Exercise directions>
Wherever the string "Pool" appears in the entries below, return the line that holds it.

*** Block opens ***

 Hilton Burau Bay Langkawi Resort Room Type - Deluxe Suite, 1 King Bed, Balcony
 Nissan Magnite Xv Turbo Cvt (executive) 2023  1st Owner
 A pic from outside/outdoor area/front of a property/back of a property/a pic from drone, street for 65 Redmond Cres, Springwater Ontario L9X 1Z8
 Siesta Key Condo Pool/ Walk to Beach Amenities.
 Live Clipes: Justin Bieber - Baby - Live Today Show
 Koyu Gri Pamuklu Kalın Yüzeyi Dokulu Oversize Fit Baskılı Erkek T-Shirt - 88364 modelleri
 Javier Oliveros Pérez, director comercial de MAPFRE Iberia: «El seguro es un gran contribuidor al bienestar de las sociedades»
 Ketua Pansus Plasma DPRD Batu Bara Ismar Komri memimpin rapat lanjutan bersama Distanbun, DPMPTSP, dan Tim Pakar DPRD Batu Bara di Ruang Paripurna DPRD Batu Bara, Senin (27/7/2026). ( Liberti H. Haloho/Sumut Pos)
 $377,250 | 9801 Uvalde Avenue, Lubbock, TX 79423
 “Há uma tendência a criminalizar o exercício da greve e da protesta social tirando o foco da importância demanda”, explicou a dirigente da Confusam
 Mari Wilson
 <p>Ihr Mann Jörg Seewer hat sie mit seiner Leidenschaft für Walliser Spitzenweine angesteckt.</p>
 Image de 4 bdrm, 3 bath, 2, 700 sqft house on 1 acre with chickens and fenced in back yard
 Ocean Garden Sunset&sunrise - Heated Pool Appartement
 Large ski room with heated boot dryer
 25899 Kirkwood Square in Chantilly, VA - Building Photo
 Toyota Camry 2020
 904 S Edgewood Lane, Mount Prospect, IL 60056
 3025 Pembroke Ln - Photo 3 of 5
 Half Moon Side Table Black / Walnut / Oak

*** Block closes ***

Your solution>
 Siesta Key Condo Pool/ Walk to Beach Amenities.
 Ocean Garden Sunset&sunrise - Heated Pool Appartement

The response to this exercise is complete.